Without DNS hijacker

HTTP traffic

This can be done only by using the Komodia's Redirector DLL framework guide:

  1. Make sure to inspect port 80, or for other ports, you'll need to verify when the data comes that it's actually HTTP.
  2. At the DLL NewConnection (Komodia's Redirector DLL framework guide#NewConnection) the data needs to be peeked, which will contain the HTTP request, in the request there will be the HOST field, this field is the domain of the request.
  3. If the domain is the one needed to redirect, then set the proxy to the right proxy.

Point to watch for:

  • It's important to make sure the data coming through is actually HTTP request.
  • The HOST field can be fragmented, so it's important to verify that there's the \r\n at the end of it, which means it's complete.
  • Browsers can create a request and just wait for 10-30 seconds before actually making a request, if at all.

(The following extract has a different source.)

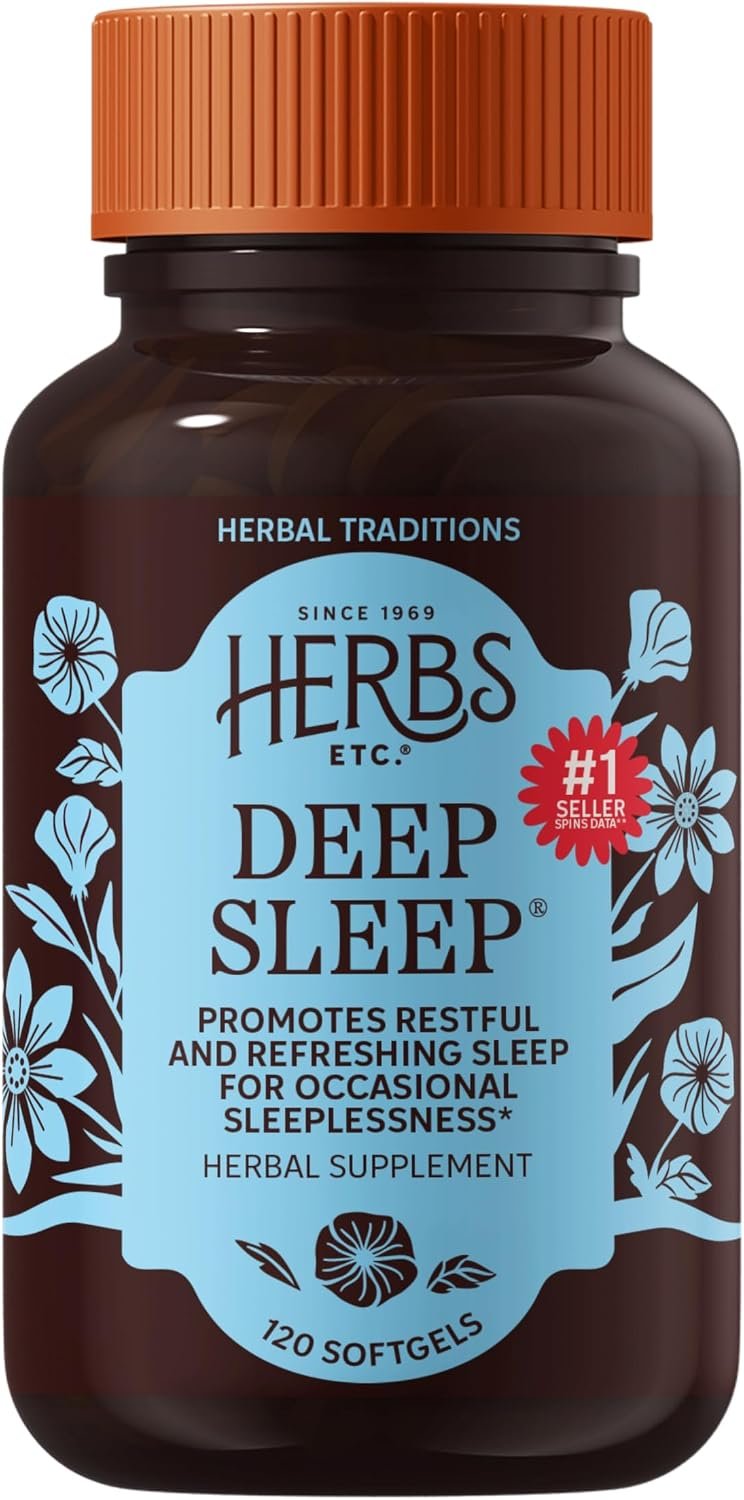 Herbs Etc. Deep Sleep Softgels, Organic Chamomile & Lemon Balm, 120 Count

A way around this is to cache prior requests and keep a table that matches IP to HOSTS, it's not 100% since one IP can contains thousand web sites with different domains.

HTTPS traffic

This can be done only by using the Komodia's Redirector DLL framework guide:

  1. Make sure to inspect port 443, or for other ports, you'll need to verify when the data comes that it's actually HTTPS.
  2. At the DLL NewConnection (Komodia's Redirector DLL framework guide#NewConnection) the data needs to be peeked, which will contain the SSL request, the request usually contains the TLS domain name (SNI), the SNI is the host name (SNI will not be present when using Chrome/IE on XP, and with various ActiveX plugins, in that case there's no way of knowing what the domain is).
  3. If the domain is the one needed to redirect, then set the proxy to the right proxy.

With DNS hijacker

Any kind of traffic

This can be done by using the Komodia's Redirector DLL framework guide or Komodia's Redirector COM framework guide:

  1. At NewConnection (based on the framework) there will be the domain name inside the relevant flag.
  2. If the domain is the one needed to redirect, then set the proxy to the right proxy.